Top of GIVEN RECORDS

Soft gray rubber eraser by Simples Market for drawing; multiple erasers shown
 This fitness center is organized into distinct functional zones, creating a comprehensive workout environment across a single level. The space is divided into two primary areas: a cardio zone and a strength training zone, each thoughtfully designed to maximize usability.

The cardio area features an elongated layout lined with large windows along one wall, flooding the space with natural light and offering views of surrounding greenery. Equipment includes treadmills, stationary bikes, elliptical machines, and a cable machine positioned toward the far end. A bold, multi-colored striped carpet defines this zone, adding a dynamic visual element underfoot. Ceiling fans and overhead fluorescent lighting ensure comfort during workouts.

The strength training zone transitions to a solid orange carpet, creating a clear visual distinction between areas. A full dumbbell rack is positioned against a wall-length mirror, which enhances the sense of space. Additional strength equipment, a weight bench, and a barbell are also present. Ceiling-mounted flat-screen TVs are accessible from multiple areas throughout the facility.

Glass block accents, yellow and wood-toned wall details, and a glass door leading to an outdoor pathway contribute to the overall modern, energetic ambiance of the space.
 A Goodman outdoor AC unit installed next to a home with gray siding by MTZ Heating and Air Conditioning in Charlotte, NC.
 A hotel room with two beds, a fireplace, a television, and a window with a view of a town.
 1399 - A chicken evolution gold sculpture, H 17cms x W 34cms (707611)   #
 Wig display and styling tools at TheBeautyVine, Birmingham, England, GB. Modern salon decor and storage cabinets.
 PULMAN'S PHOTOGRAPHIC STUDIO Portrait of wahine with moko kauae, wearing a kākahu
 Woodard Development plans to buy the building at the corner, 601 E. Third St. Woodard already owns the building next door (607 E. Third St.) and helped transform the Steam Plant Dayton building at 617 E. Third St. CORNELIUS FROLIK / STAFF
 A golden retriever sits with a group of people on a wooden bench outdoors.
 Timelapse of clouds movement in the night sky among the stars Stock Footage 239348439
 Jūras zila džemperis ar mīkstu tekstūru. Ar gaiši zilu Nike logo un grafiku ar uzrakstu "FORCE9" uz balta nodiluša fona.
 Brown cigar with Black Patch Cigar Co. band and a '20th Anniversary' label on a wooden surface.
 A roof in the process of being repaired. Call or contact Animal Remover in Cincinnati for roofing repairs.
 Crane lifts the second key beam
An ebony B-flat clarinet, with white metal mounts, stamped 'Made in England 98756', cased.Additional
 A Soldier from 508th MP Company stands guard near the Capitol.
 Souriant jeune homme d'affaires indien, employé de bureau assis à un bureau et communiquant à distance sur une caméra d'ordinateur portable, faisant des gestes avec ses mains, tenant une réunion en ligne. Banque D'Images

Bottom of GIVEN RECORDS

> WHAT YOU SHOULD DO
Restate the records above verbatim up to and including the line containing "This fitness center".

> OUTPUT FOR THIS TASK
Soft gray rubber eraser by Simples Market for drawing; multiple erasers shown
 This fitness center is organized into distinct functional zones, creating a comprehensive workout environment across a single level. The space is divided into two primary areas: a cardio zone and a strength training zone, each thoughtfully designed to maximize usability.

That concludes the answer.